Crawled caption data
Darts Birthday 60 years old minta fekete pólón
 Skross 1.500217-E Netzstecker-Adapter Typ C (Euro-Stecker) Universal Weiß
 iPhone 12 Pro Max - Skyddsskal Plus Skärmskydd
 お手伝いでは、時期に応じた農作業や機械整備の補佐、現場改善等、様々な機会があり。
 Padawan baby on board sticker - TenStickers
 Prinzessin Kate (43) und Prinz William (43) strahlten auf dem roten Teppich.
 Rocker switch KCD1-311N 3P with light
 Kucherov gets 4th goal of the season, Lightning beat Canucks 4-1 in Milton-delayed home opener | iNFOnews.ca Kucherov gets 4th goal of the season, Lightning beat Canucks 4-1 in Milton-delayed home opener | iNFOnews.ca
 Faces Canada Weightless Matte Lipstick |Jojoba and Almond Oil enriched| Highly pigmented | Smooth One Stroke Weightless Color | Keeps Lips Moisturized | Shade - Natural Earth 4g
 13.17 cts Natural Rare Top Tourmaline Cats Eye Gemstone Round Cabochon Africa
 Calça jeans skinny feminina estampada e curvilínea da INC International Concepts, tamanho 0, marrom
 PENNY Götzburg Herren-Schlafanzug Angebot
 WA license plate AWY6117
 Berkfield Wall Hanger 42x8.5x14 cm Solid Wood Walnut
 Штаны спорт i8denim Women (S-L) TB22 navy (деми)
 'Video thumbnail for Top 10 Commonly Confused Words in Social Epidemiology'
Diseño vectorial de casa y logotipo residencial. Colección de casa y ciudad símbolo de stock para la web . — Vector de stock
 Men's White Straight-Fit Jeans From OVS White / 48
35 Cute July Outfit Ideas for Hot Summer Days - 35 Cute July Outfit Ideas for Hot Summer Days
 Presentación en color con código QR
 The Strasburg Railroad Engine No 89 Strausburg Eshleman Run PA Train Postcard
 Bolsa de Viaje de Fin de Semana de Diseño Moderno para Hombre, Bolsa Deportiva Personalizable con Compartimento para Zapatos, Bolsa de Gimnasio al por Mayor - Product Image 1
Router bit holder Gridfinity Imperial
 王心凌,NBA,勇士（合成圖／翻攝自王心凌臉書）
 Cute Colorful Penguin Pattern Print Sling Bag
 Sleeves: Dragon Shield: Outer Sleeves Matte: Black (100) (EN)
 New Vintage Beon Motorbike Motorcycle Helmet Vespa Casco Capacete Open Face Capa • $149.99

▶ **REQUIRED WORK**
State the number of lines above that include "Cute", and nothing further.

▶ **TASK OUTPUT**
2